Former BBC newsreader Michael Buerk slammed for calling Liam Payne 'drugged-up, faded boy band singer'

Liam Payne died at the age of 31 last week - (PA Archive)

A former BBC newsreader has been criticised after he described One Direction star Liam Payne as a “drugged-up, faded boy band singer” following his tragic death.

The 31-year-old died falling from the third-floor balcony of the Casa Sur Hotel last week, leading to an outpouring of grief across the globe from One Direction fans and his former bandmates.

But ex-presenter Michael Buerk, 78, said he was surprised by how much weight the BBC placed on the news of Payne’s death.

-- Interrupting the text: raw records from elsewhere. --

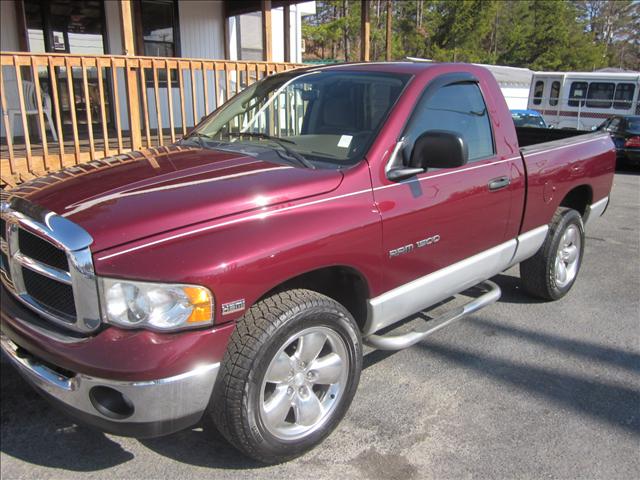 Dodge Ram Pickup 2003 photo 1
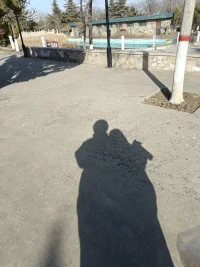 世界上從來就沒有過不去的坎，只有過不去坎的人。配圖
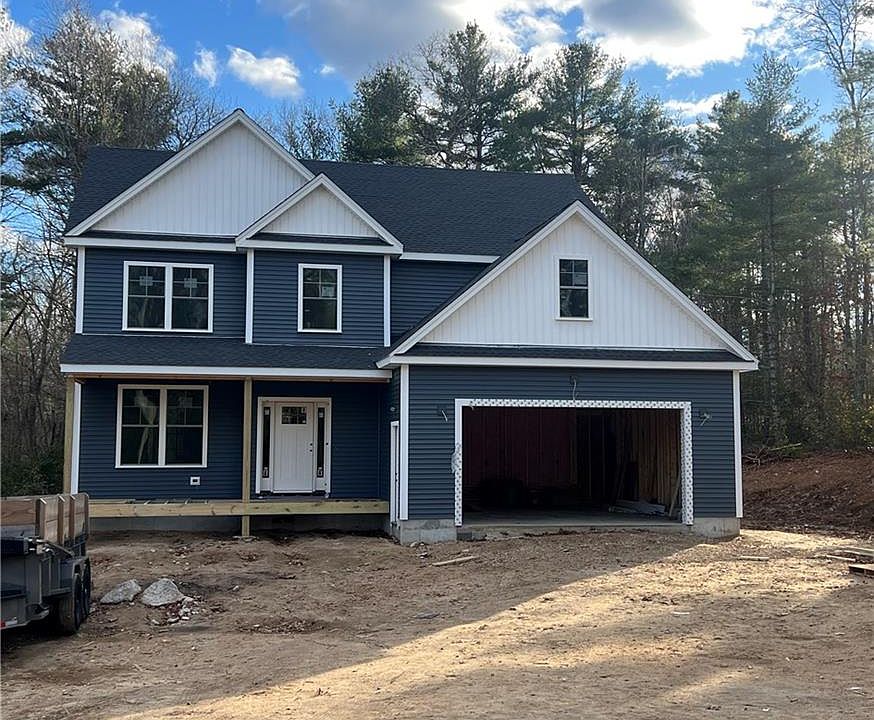 1st image of 10 Elaine Dr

Asked on the Today programme about how foreign journalism had changed, he said: “There was more of an appetite for seriousness.

Michael Buerk has been criticised for his comments on Radio 4 (Tim P. Whitby/Getty Images)

“It was only last week this programme decided that the most important thing that had happened in the world was that a drugged-up, faded, boy band singer had fallen off a balcony.

“Even the 10 O'clock News, which is normally good on these things, thought it was the second most important thing that happened in the world.”

But his comments received wide backlash on social media, with one person calling for Mr Buerk to be “cancelled not just from broadcasting but from the face of the Earth”.

He was criticised for his “nasty comment” and labelled as “horrible” and “insensitive” by X users.

However, other BBC listeners agreed with Mr Buerk with one describing him as the “official spokesman for a majority of the nation”.

The veteran broadcaster’s reporting of the famine in Ethiopia in 1984 woke the world up to its devastating impact and is thought to have inspired BandAid.

By the end of the year, a charity single, “Do They Know It’s Christmas” had sold more than 3 million copies, with every penny going to Ethiopian famine relief.

He spoke to Radio 4 40 years on from his famous dispatch from Ethiopia.

Mr Buerk also worked as the BBC’s South Africa correspondent during the apartheid.